Над пропастью во ржи - Страница 6
Я стоял около постели бабки Акулины и не знал, что сказать. Может быть, она, разменяв десятый десяток, уже выжила из ума? Но нет. Бабка Акулина разомкнула синие губы и прошелестела:
- Пришел, надо же... Через столько лет. Узнала тебя. Садись... Володя.
Она помнила мое имя! Я тихо присел за стол на край табурета:
- Как живете, баба Акулина? - растеряно спросил я. - Может, помощь нужна, врача?
- Не нужно ничего. Ходит врач. Не за этим ты пришел. Знаю - зачем. - Она приподнялась на локтях и полуприсела, откинувшись на подушки. - Спрашивай.
Наши глаза встретились, и я почему-то вдруг сказал совсем не то, что хотел сказать, не вопрос я задал, а выплеснулись из меня вина и горечь последних недель:
- Людей своих я погубил, баба Акулина. Не понимаю - как, ничего объяснить не могу, но знаю только - погубил. Спать не могу...
Старуха пожевала губами, потом ответила:
- Нет на тебе вины... Нет. А то, что не понимаешь - лжешь. Себе лжешь мне не лги. Видел ее?
Я понял, о ком она говорит.
- Видел...
Она пристально и молча смотрела на меня, и я вдруг осознал, что она знает, что я был на ржаном поле, над пропастью во ржи, и знает, что никому я не хочу об этом рассказывать, даже ей.
- То, о чем поведаю я тебе сейчас - об этом не болтай никогда. Проболтаешь - горе бабе большое принесешь, а исправить ничего не сможешь, только хуже сделаешь... - Баба Акулина помолчала. - Снасиловали ее, Нину-то, в двадцать лет, молодухой еще, снасиловали. Жила она тогда с матерью в Кедровке, далеко отсюда, знаешь село такое?
Я кивнул.
- Так вот кузнец один за ней там ухаживал. Долго ходил. Да не утерпел, кровь молодая, горячая... Как-то в лес завел и... Нина с матерью тогда очень скоро уехали, от молвы, от позора. Все по краю кочевали, то там поживут, то сям. Личной жизни у нее никакой не было, да и не желала она, боялась... Детей не хотела. И не имеет... Лет десять назад, когда мать умерла, Нина здесь осела. Вроде отогрелась душой, замуж вышла, муж дом поставил. Только видишь, чем старая обида-то в ней обернулась... Сама она не понимает, не видит, что творится. Баба добрая, не памятливая, для мужика любого - слаще не сыщешь, а вот... Тогда в том лесочке, где кузнец над ней надругался, бес-мужененавистник в нее вселился. Тайно. От нее тайно. И теперь, когда появилась возможность берет свое.
Я изумленно спросил:
- Откуда ты знаешь о ней столько, баба Акулина?

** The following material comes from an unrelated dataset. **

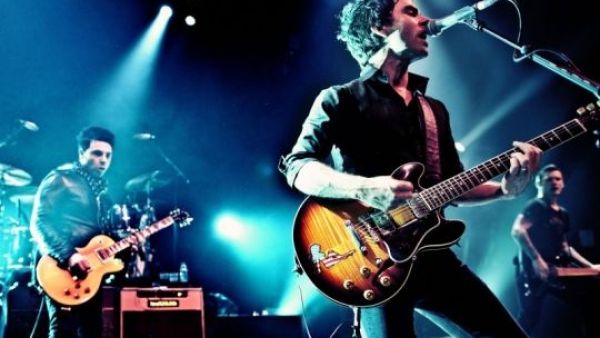 Come and sing along to Just Looking, Dakota, Bartender and Have A Nice Day by Stereophonics. (Pinterest)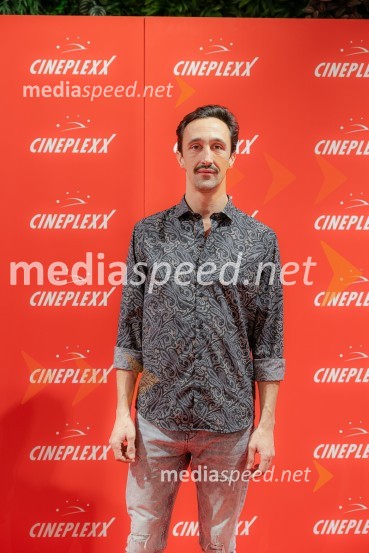  Antionio Scarpa, igralec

- Мать ее, когда еще живая была, ко мне приходила. Потом уж сама я смотрела... Знаю! А что не помогла ей - Нина-то ко мне не пришла. Через мать ее можно было бы помочь, да умерла она вскорости. А так... Слаба я стала. На покой готовлюсь уйти. - Баба Акулина сползла с подушек и накрылась одеялом до подбородка. - Так что нет на тебе никакой вины. Не терзай свою душу. Нет здесь человеческого греха. Ни с чьей стороны. А теперь ступай, ночь уже...
* * *
Я вышел на улицу в звездную темноту и горьковатую прохладу осенней ночи и немного постоял на околице. О чем я думал тогда? Не помню. Наверно, о том, что баба Акулина нисколько не добавила ясности во всю эту мрачную историю. Той ясности, которая требовалась не испуганному неведомым человеку Николаичу, а юристу и оперативному работнику, начальнику районного отделения милиции Владимиру Николаевичу Ходареву. И, наверно, я с облегчением думал еще о том, что завтра займусь знакомыми и понятными делами и больше не буду ломать голову над неразрешимыми вопросами, и очень скоро забуду о Нине Ивановне Смердиной.
Забуду.
До тех пор, пока она снова не выйдет замуж.